William Roy: Obviously, individuals are greatly impacted by what has happened. So that's why our individual assistance program kicks right off. We had individuals the door knockers, the Disaster Survivor Assistance, actually in Burlington, before it was declared, so that once it was declared we could get him out of the communities and get a sense of what the need was. And so right now, I think it's those people who have had direct impacts from the storm, we want to ensure that they have an opportunity to sign up for assistance from FEMA, to get them and help them get back on their feet.
Right behind that, and not very far behind that is assistance for, you know, all the infrastructure, right? Because just to be able go around the state and do the things you need to do to recover as an individual, you've got to be able to get places. And if it's cut off, you can't get the roads. That's a very difficult thing as well.
Bob Kinzel: You mentioned maybe 300 FEMA personnel in the field right now. Are they knocking on a lot of doors?
Yes, sir. So we have 19 teams for our Disaster Survivor Assistance out in the communities right now, in places that we'll coordinate with the state as to where they they see the greatest need, so they can go out and just check on folks. Typically, they'll ask them, what are the top three concerns that you may have? ... The feedback we're getting right now, from, you know, from yesterday's reports are basically looking at loss of loss of employment opportunities, because, you know, they can't get there, their businesses are shut down. And also debris actually being out there, and the expenses of having to get rid of the debris. So those are the primary things that they're expressing as concerns.
How soon can this process actually turn money around to some of these homeowners?
Yes, sir. So we turned the program on with a declaration on Friday. Monday morning, people had money in their bank accounts if they sign up for electronic funds transfer. If they ask for a check, obviously, that takes a little longer with the post office. But that's how quickly it can go through.
How concerned are you about scams in some of these neighborhoods?
You always have to be worried about scams, especially taking advantage people right after they've had their very worst day. Right. I mean, that's just horrific. So that's why we always tell people make sure that they are have identifications, check the identification to make sure they are who they are. ... And don't give out your social security number and your banking information. You know, we — you do that online. You do that via the phone. OK, but you just don't hand that out.
I think there are six declared counties right now, a lot of damage in some undeclared counties. What's the likelihood that those undeclared counties will be certified?
Yes, sir. That is a hard question to answer because the president of the United States is responsible.

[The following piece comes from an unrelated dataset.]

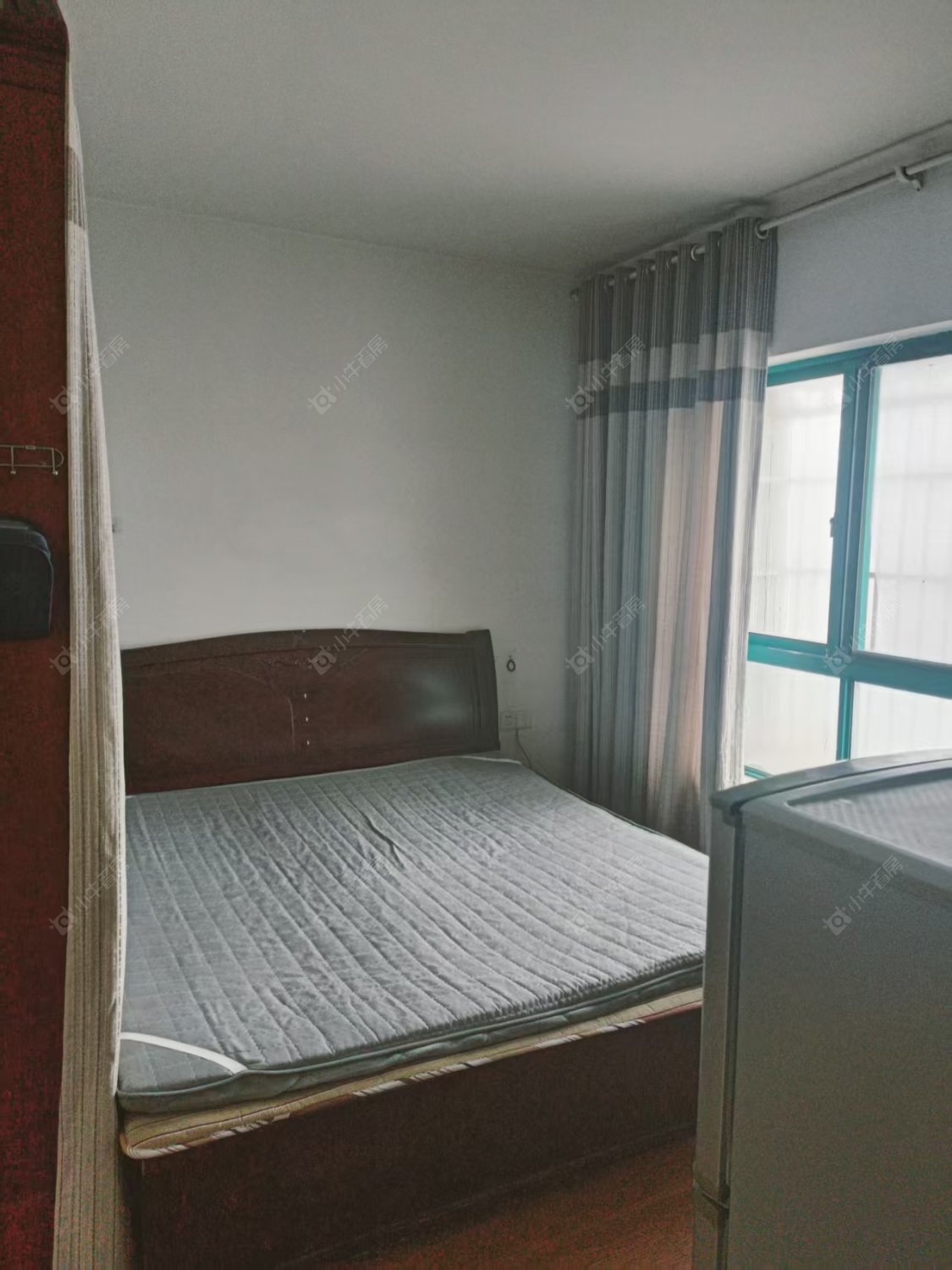 常州天禄商务广场在租房源_小牛看房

Since it's already been declared, FEMA headquarters are working closely to take a look at the damages that we have been able to assess, and to make a determination as to whether those additional counties will receive individual assistance. We're also in those counties for public assistance as well for assessments.
So I can't give you a likelihood because I don't know. But there obviously is a lot of damage out there. There's always a question about why those six counties. How come those six counties, right, how come not ours? Well, in order to get the declarations as quickly as possible, we used imagery to collect the information. And for the counties that were impacted, it was easy to see with that imagery.
Editor's note: Residents in Caledonia and Orange counties became eligible for individual assistance from the Federal Emergency Management Agency on Friday, July 21.
This time of year with all the foliage we have, sometimes it's really hard to see the the total impacts. And so we had data from those six, and we wanted to move forward very quickly. The president wanted to move very quickly, forward very quickly to be able to provide assistance to Vermont.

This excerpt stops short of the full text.